A galáxia engolida, classificada como anã, recebeu o nome de Low-energy-Kraken-Heracles (LKH), em referência a estudos anteriores sobre fusões primordiais. Estima-se que, na época da colisão, a LKH possuía uma massa estelar equivalente a 500 milhões de vezes a massa do Sol, correspondendo a cerca de um quarto do tamanho da Via Láctea naquele período. A pesquisa utilizou dados dos telescópios espaciais Hubble e Gaia para analisar aglomerados estelares na região mais interna da Via Láctea, a até 20 mil anos-luz do centro.
Os pesquisadores examinaram a idade, composição química e trajetórias de centenas de milhares de estrelas contidas nesses aglomerados. As análises indicaram que uma porção significativa dessas estrelas tem origem na galáxia LKH, tornando-se parte da Via Láctea cerca de 2 bilhões de anos após o Big Bang. Essa fusão primordial é considerada um marco crucial para entender a evolução da nossa galáxia.
Um Ato de Crescimento Galáctico
Davide Massari, astrofísico do Instituto Nacional de Astrofísica (INAF) e autor principal do estudo, destacou a importância da descoberta: “A principal descoberta de nossa pesquisa é a identificação inequívoca do primeiro evento de fusão vivenciado por nossa galáxia em sua infância”. Ele ressaltou que o debate sobre se o crescimento inicial da Via Láctea foi impulsionado pela formação estelar interna ou por fusões galácticas tem sido persistente. Este novo estudo sugere que, nas fases iniciais, as fusões foram um motor fundamental para a incorporação de vastos volumes de estrelas e gás, essenciais para a formação estelar contínua e a acumulação de matéria escura.
Embora a fusão das estrelas em si tenha sido um processo relativamente pacífico, a interação do gás interestelar da LKH com o da Via Láctea pode ter sido mais turbulenta.
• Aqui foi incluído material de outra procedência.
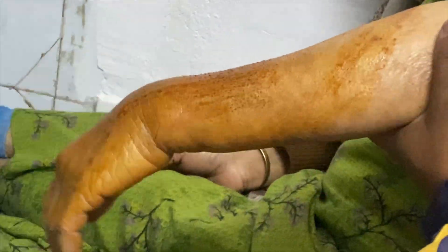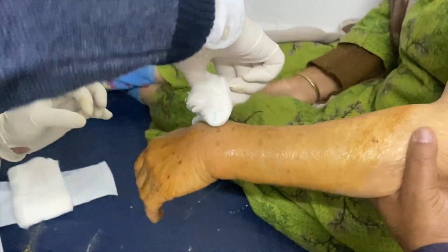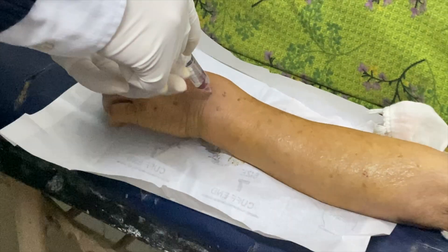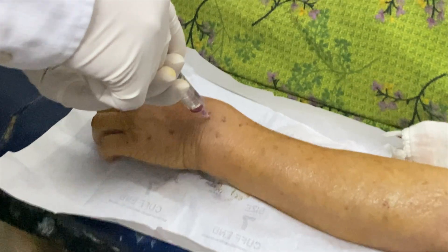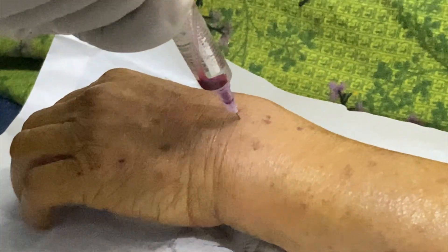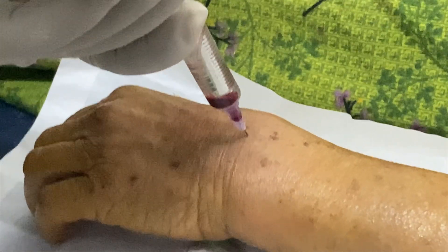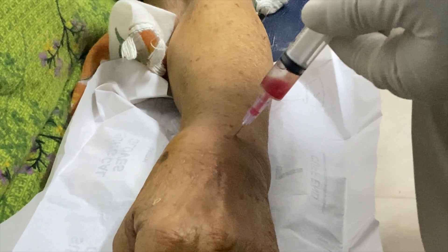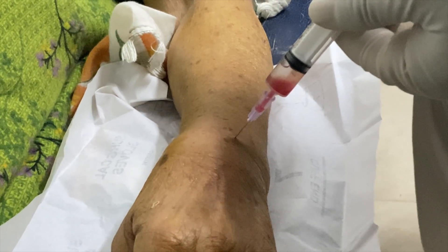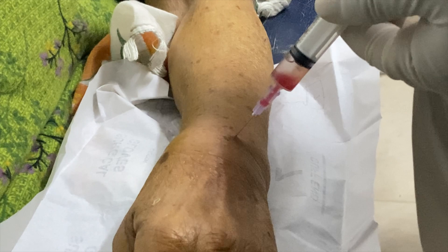The site is prepared with betadine solution and cleaned with spirit solution. Now I will give a hematoma block. Hematoma block is a very helpful procedure because it is virtually pain-free if given correctly. Try to keep your needle parallel to the fracture surface. Insert the needle at the palpable step and gently negotiate into the fracture. See the frank blood coming — just push 2% lignocaine into the fracture site.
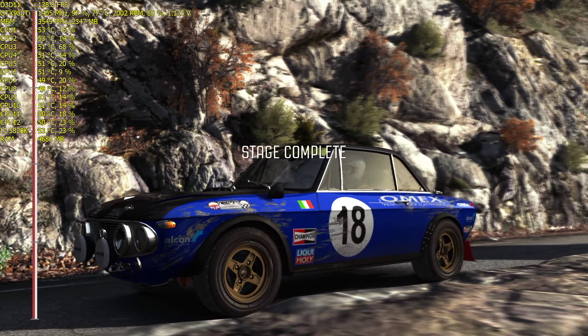Right 6. 80 over crest. Right 4 long, into right 3, tightens long.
Massari sugere que essa colisão gasosa provavelmente desencadeou um surto significativo de formação estelar. Acredita-se que muitas estrelas originárias da LKH ainda permaneçam ocultas nas regiões centrais da Via Láctea, disfarçadas pela densa poeira interestelar, tornando sua identificação um desafio considerável.
Um Legado de Fusões
A Via Láctea tem um histórico conhecido de outros grandes eventos de fusão. Além da interação com a LKH, ela absorveu outra galáxia anã aproximadamente 1,8 bilhão de anos após a fusão com a LKH. Mais recentemente, nos últimos 6 bilhões de anos, a Via Láctea tem se fundido com a galáxia anã de Sagitário. Esses eventos passados, incluindo a fusão com a LKH, tiveram um impacto profundo na evolução da nossa galáxia, influenciando a formação do Sistema Solar e, consequentemente, da Terra. Massari conclui que a reconstrução do passado da Via Láctea é fundamental para responder à questão fundamental de nossas origens cósmicas.
As informações foram reunidas a partir de dados divulgados pela Reuters.